Write out each record in full and exactly as given. Skip any pictures.

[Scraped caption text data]
'''

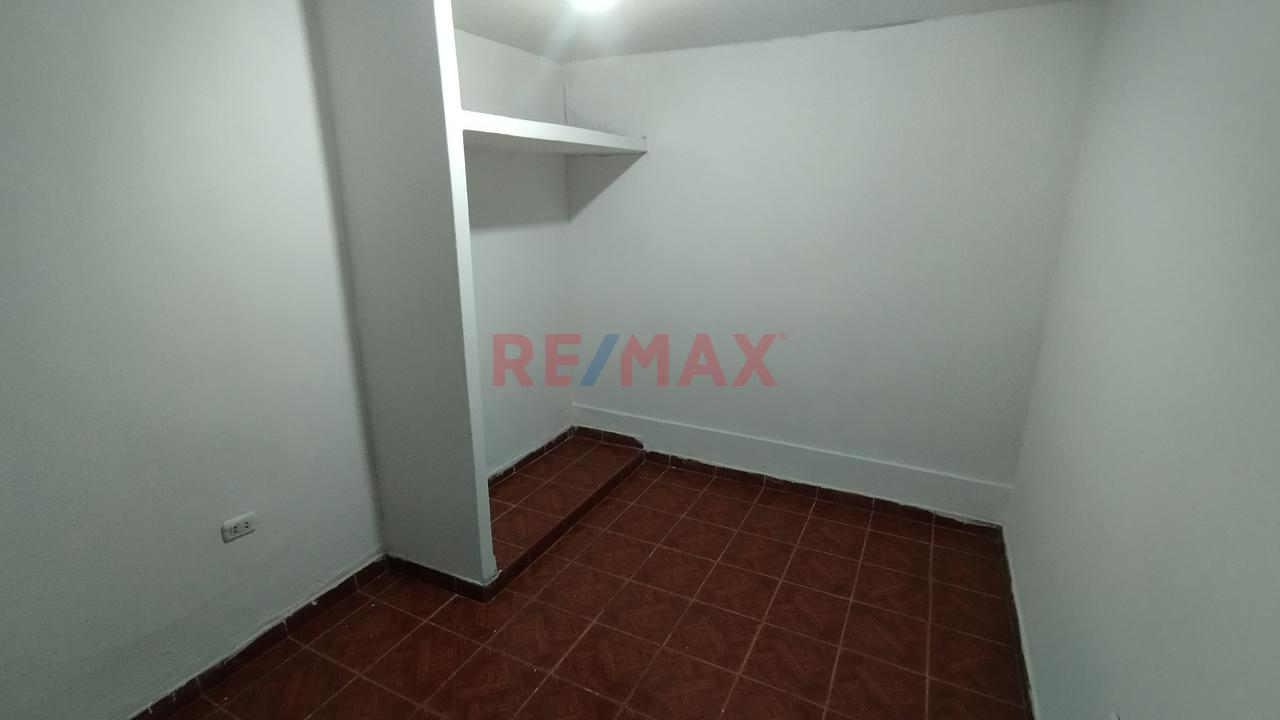 Casa De 3 Pisos + Azotea – 240 M² Construidos En 90 M² De Terreno — foto 7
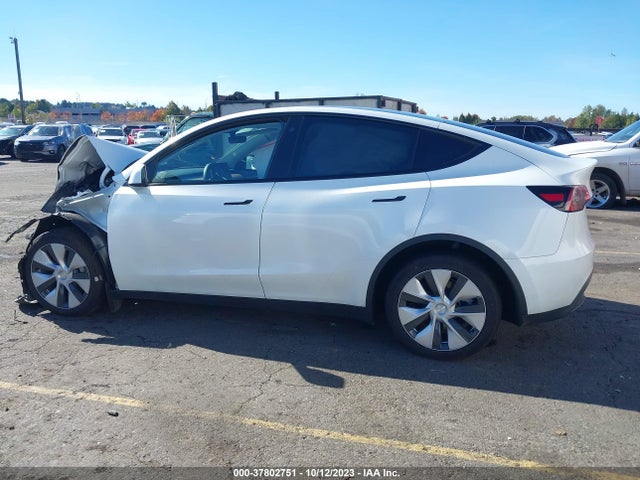 Tesla Model Y Long Range 2023 7SAYGAEE2PF784205 Image 12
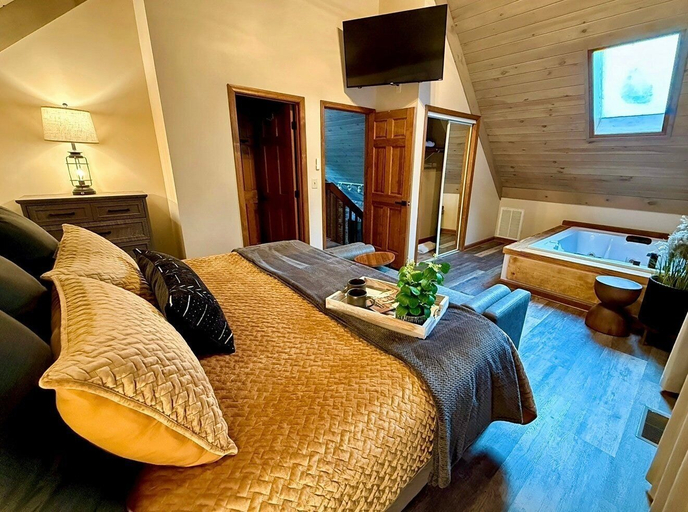 Bedroom 3, Hey Diddle Diddle 3 Bedroom Cabin by RedAwning, Sevier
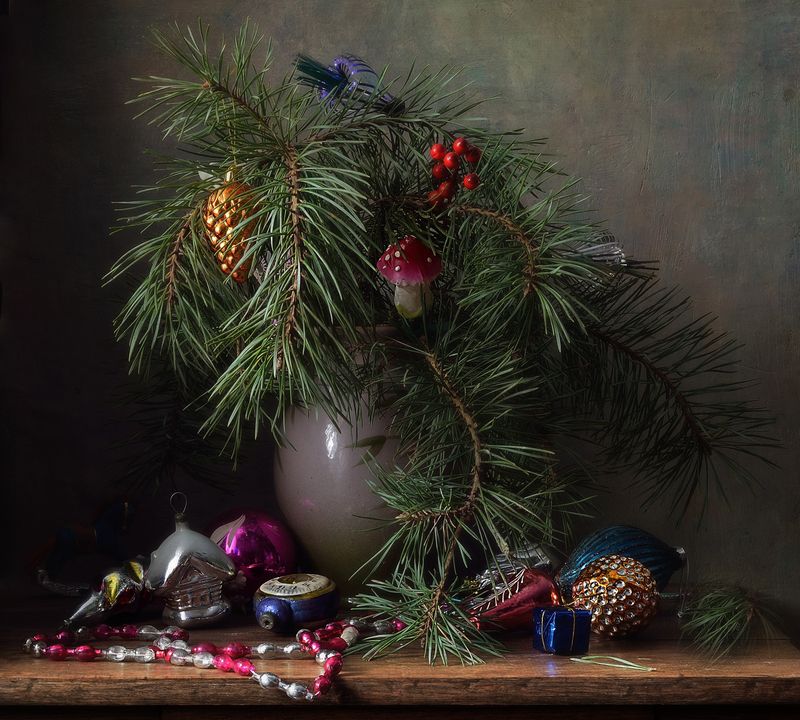 натюрморт,праздник,зима,игрушки,сосна ... фото превью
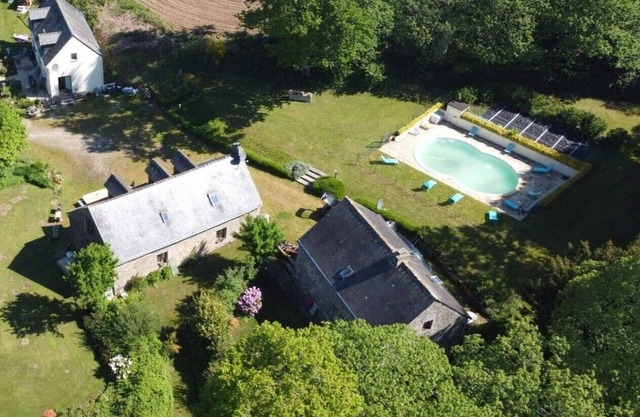 ----Hameau breton 20 personnes----
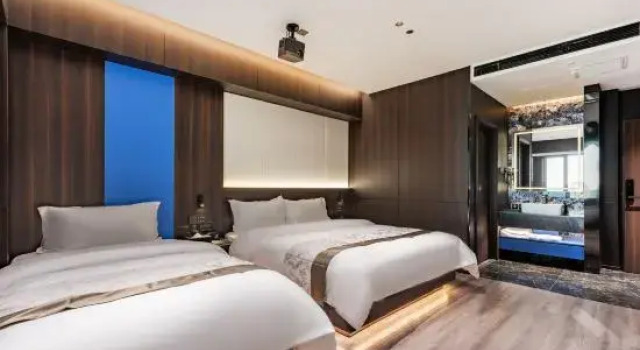 Люкс Deluxe Lushan Maoxinqiao Homestay (Lushan Former Residence)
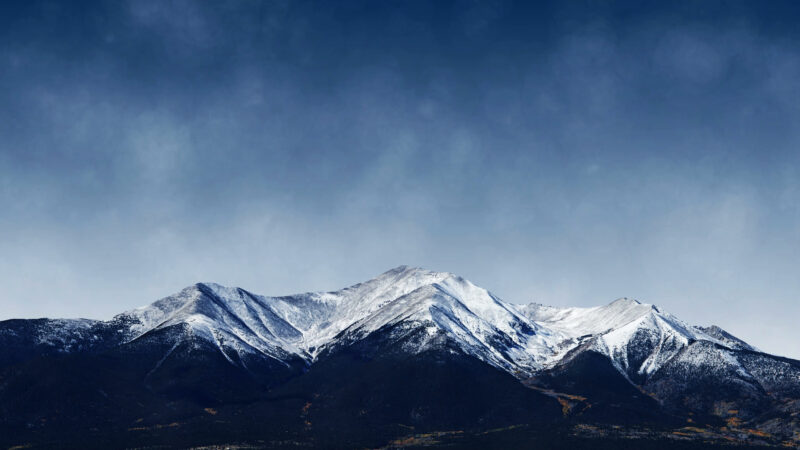 Background phong cảnh núi đỉnh phủ tuyết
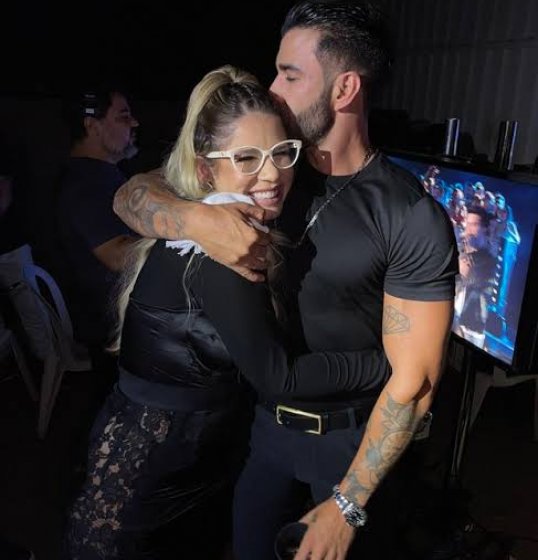 Gusttavo Lima faz homenagem a Marília Mendonça em show Gusttavo Lima faz homenagem a Marília Mendonça em show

'''

* Exercise solution:
 Casa De 3 Pisos + Azotea – 240 M² Construidos En 90 M² De Terreno — foto 7
 Tesla Model Y Long Range 2023 7SAYGAEE2PF784205 Image 12
 Bedroom 3, Hey Diddle Diddle 3 Bedroom Cabin by RedAwning, Sevier
 натюрморт,праздник,зима,игрушки,сосна ... фото превью
 ----Hameau breton 20 personnes----
 Люкс Deluxe Lushan Maoxinqiao Homestay (Lushan Former Residence)
 Background phong cảnh núi đỉnh phủ tuyết
 Gusttavo Lima faz homenagem a Marília Mendonça em show Gusttavo Lima faz homenagem a Marília Mendonça em show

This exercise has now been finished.